Di tengah krisis panen tersebut, kata Samsudin, warga kemudian memanfaatkan tanaman bulanan untuk menghidupi kebutuhan mereka sehari-hari.
“Sudah lima tahun terakhir cengkeh tak lagi panen. Warga hanya berharap pada tanaman bulanan seperti pala. Tapi pala juga panennya tak sama lagi kayak dulu,” ujar Samsudin yang adalah Sekretaris Lurah Kalaodi.
Sebagian penduduk Kalaodi berprofesi sebagai ASN, namun kehidupan mereka tidak lepas dari bertani.
“Sudah dari turun-temurun orang Kalaodi bisa berpendidikan dan makan minum dari hasil rempah-rempah ini,” kata Samsudin.
Julukan kampung ini adalah ‘Negeri di Atas Awan’. Pasalnya Kalaodi sangat lekat dengan alam.

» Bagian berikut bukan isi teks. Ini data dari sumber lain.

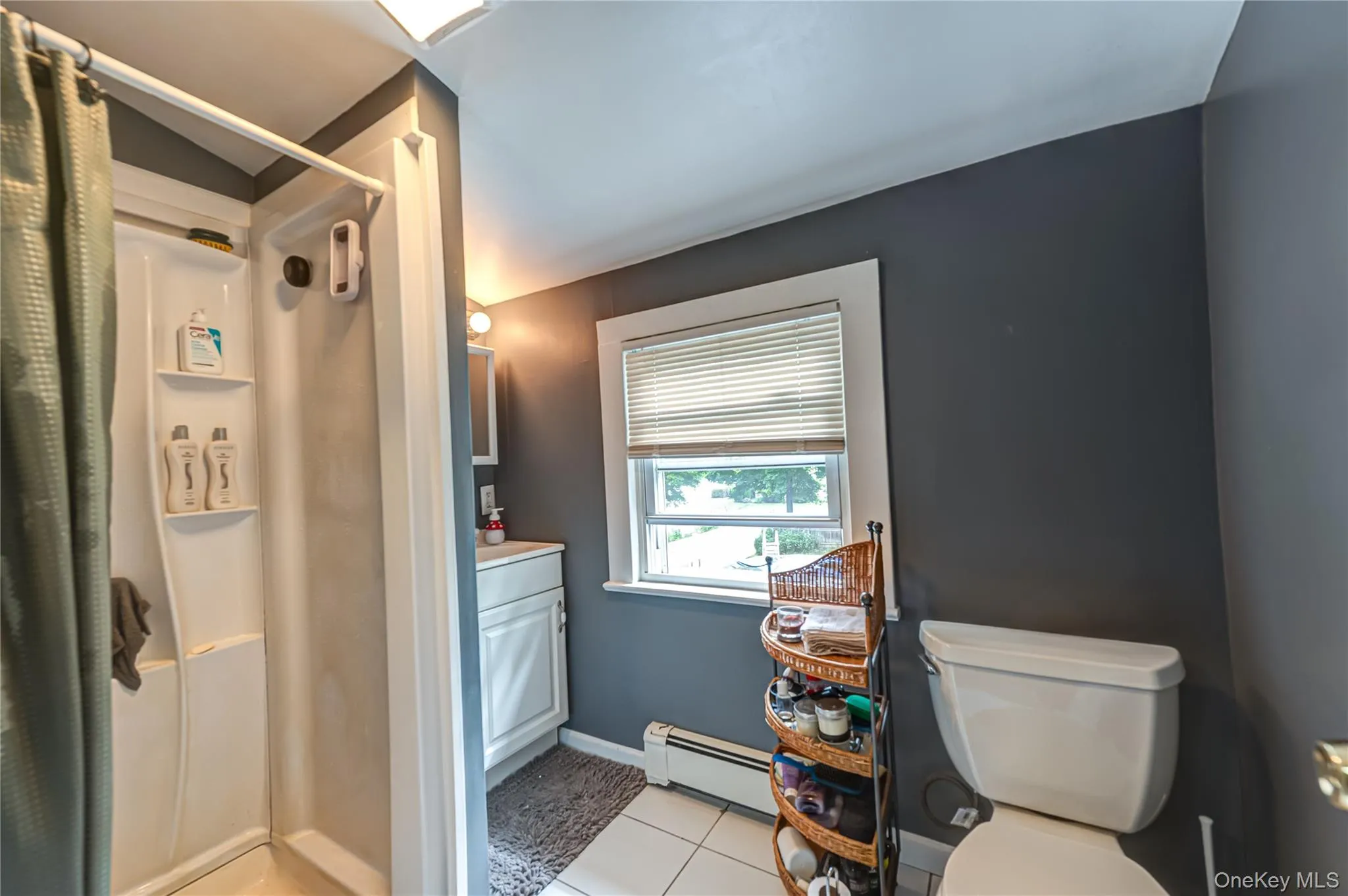 Bathroom featuring a white shower stall with built-in shelving, a single vanity with storage, window and tiled flooring on 2nd floor Bathroom featuring a white shower stall with built-in shelving, a single vanity with storage, window and tiled flooring on 2nd floor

Tak hanya soal komoditas rempah saja, bagi Samsudin, Kalaodi juga menyimpan banyak kekayaan tradisi yang sudah berlangsung cukup lama dan masih lestari hingga saat ini.
Samsudin menuturkan, orang Kalaodi punya cara menggambarkan rasa syukur mereka terhadap hasil panen yang mereka peroleh. Namanya tradisi ‘hoimasou’ yang berarti merupakan bentuk syukur.

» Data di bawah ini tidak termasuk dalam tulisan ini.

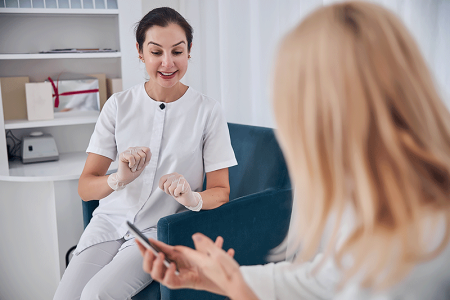 Dermatologist consulting with patient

Hoimasou yakni menyisihkan sebagian hasil panen, untuk diserahkan ke rumah adat. Lalu menyerahkannya ke tempat-tempat ibadah.
“Hasil panennya diantar ke masjid, kemudian biasanya petugas masjid mendoakan sebagai wujud syukur,” ceritanya.

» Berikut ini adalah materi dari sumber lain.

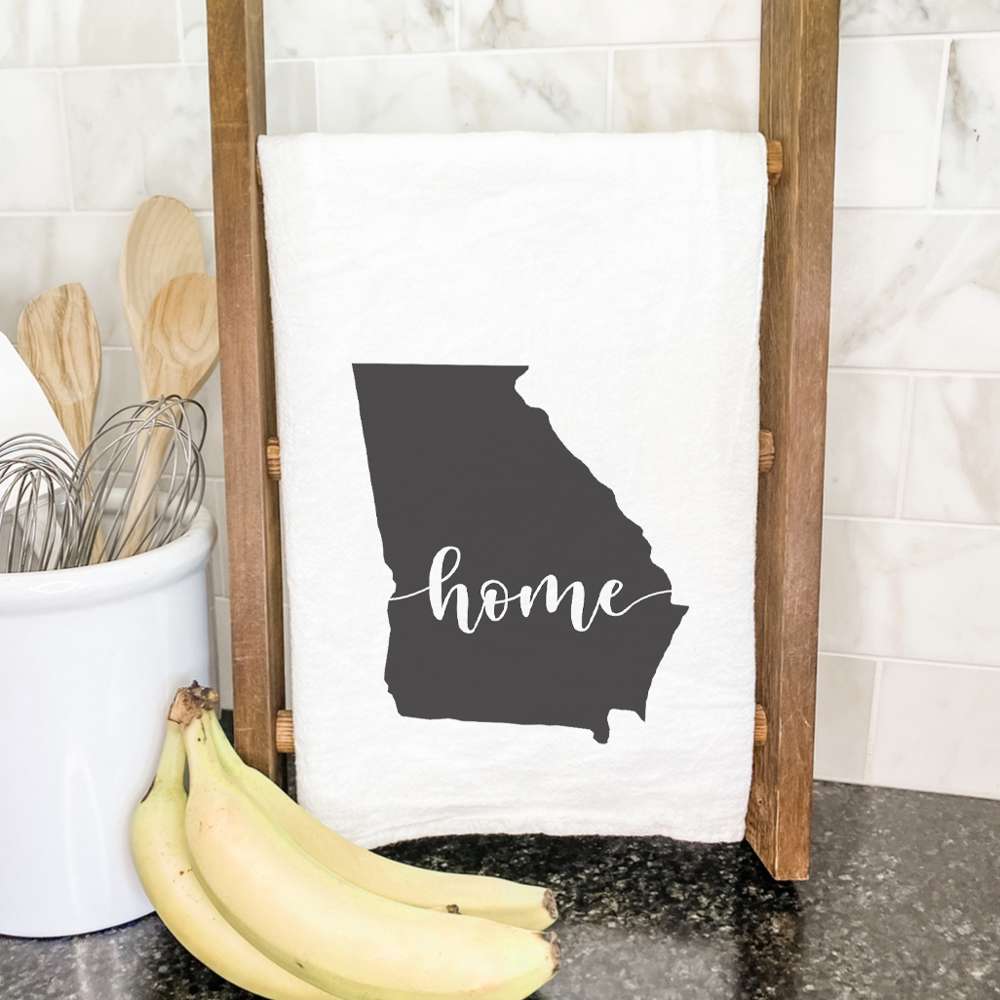 A vibrant cotton tea towel featuring state-themed designs, perfect for kitchen use.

Ia meyakini bahwa tradisi itu tetap lestari hinga sekarang. Selain ‘hoimasou’, masih banyak lagi ritual yang bertalian dengan masa panen di Kalaodi.
Rumah Pengering Rempah di Pegunungan Tidore
Pandangan Hamza Falila sesekali mengarah ke rumah pengeringan rempah yang tegak di hadapannya.
Siang itu, Hamza sedang meratakan biji buah pala.
Bangunan untuk menjemurkan biji buah pala itu berukuran setengah lapangan futsal.
Ia juga lantas memindahkan beberapa potongan kayu manis yang berserakan, lalu meratakannya.
Rumah pengeringan ini berada di Dusun Dola, tepatnya di pekarangan rumah milik Sudarwin. Bangunan yang atapnya terbuat dari plastik ini hadir sejak Desember 2022.
Bagi Hamza, rumah pengeringan tersebut cukup membantu dan punya banyak manfaat terutama saat cuaca tak lagi bersahabat.
“Kalau hujan, torang tara sibuk lagi angkat kasih masuk ke dalam rumah. Terus manfaatnya juga karena lahan jemuran di sini terbatas, jadi dengan rumah pengering ini torang bisa hemat tempat jemuran,” ujarnya.
Ia lantas membandingkannya dengan kondisi petani Kalaodi ketika memanfaatkan jalanan dan pekarangan rumah sebagai lahan jemuran.
Dengan menjemur rempah di dalam ruangan ini, tidak akan mengubah kualitas rempahnya.
“Kalau jemur cengkeh di aspal pas cuaca normal, itu tiga hari bisa kering. Tapi, kalau di rumah pengering ini, paling cuma dua hari saja. Secara kualitas pun beda,” terang Hamza.
Meski kehadiran rumah pengering ini belum lama dan tidak bertepatan dengan panen cengkeh, Hamza mengaku keberapa kali sudah melakukan uji coba.